- Exercise objective
From the first line of the entries below through the line bearing "SONY CEA-G80T 80GB CFexpress Type A 原廠記憶卡", write out each line exactly. Omit pictures.

Task material START

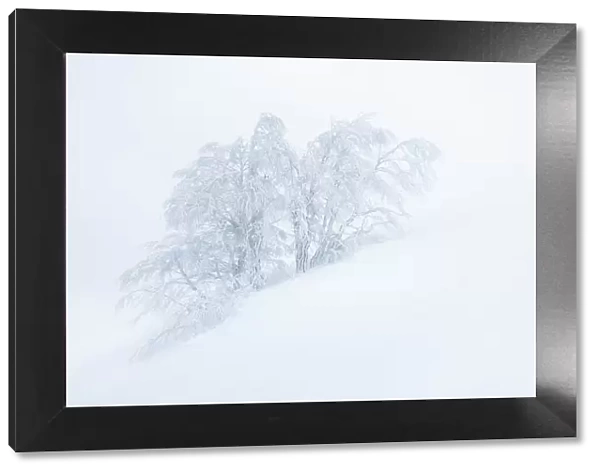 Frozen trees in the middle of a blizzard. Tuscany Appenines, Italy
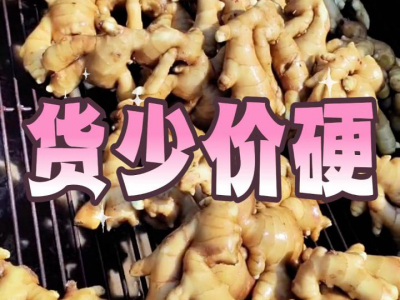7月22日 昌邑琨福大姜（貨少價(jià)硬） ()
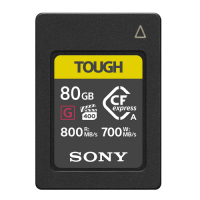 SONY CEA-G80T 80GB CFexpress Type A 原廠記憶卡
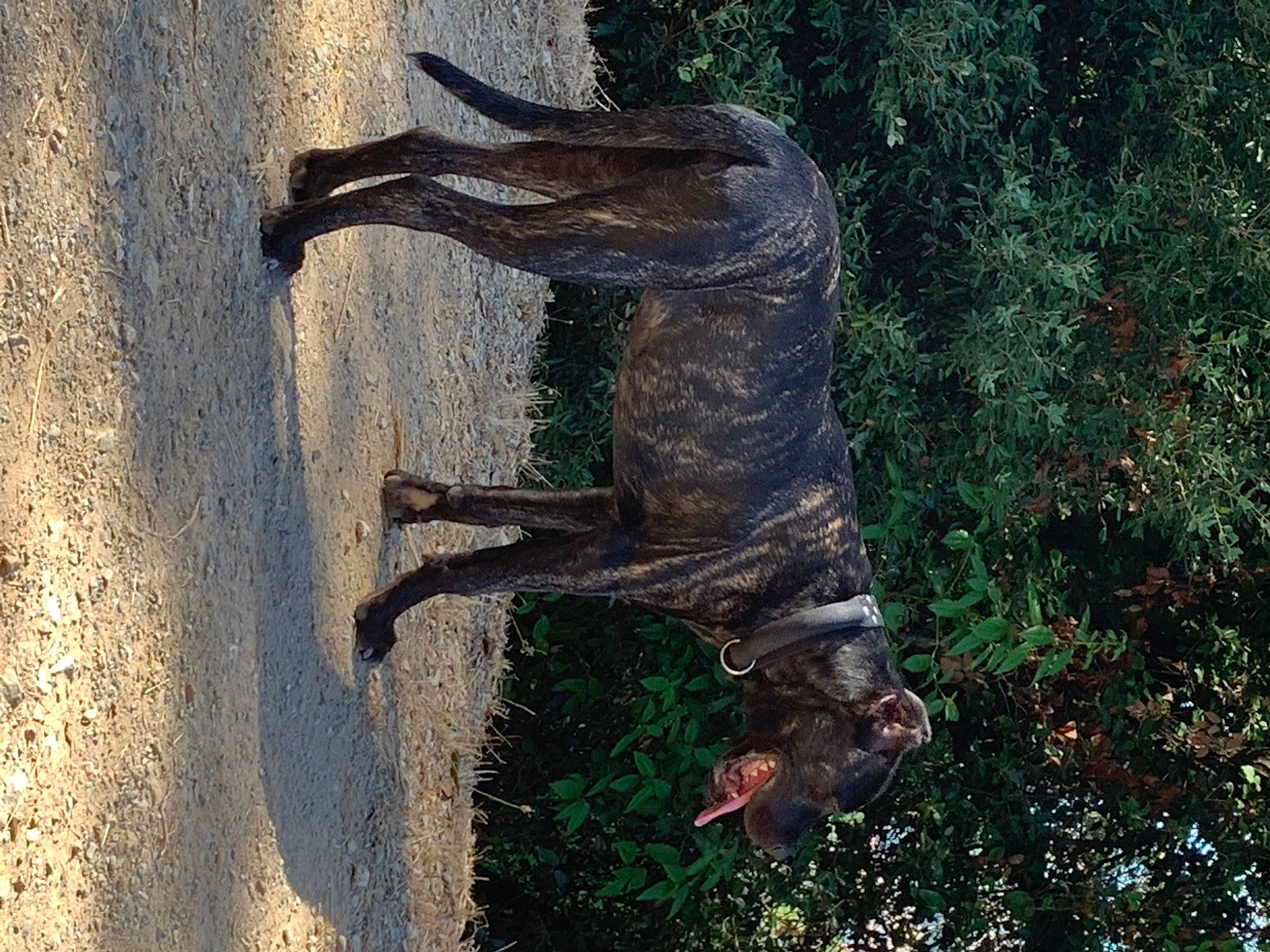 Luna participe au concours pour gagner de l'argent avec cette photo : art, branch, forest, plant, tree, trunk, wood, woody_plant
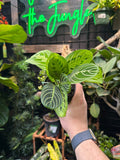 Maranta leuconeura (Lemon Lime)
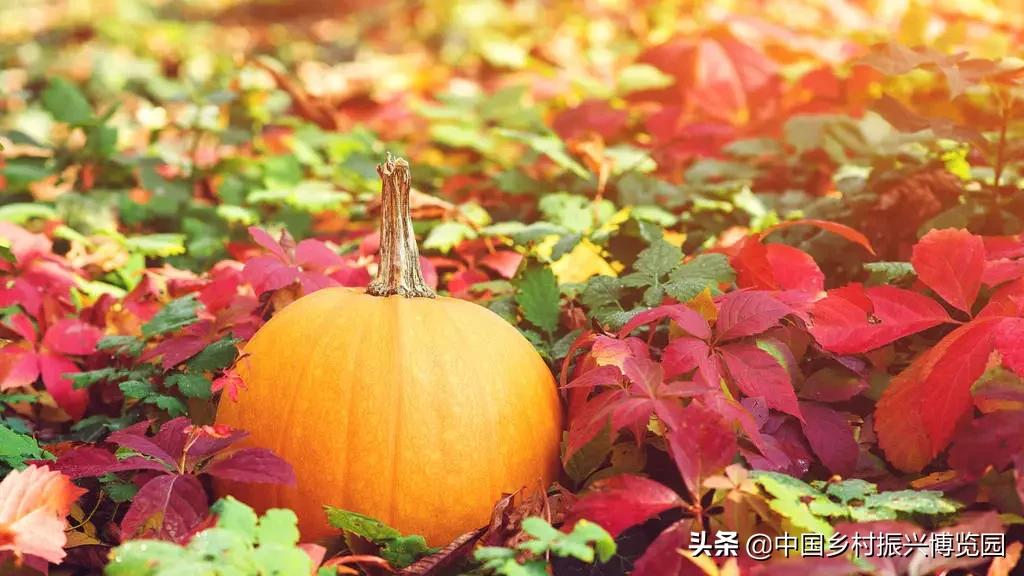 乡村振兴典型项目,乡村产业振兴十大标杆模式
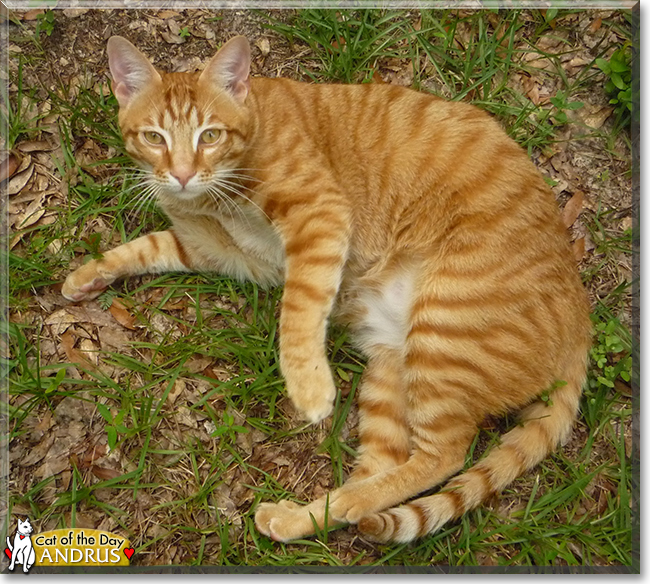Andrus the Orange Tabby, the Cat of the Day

Task material END

- Answer for the task
 Frozen trees in the middle of a blizzard. Tuscany Appenines, Italy
7月22日 昌邑琨福大姜（貨少價(jià)硬） ()
 SONY CEA-G80T 80GB CFexpress Type A 原廠記憶卡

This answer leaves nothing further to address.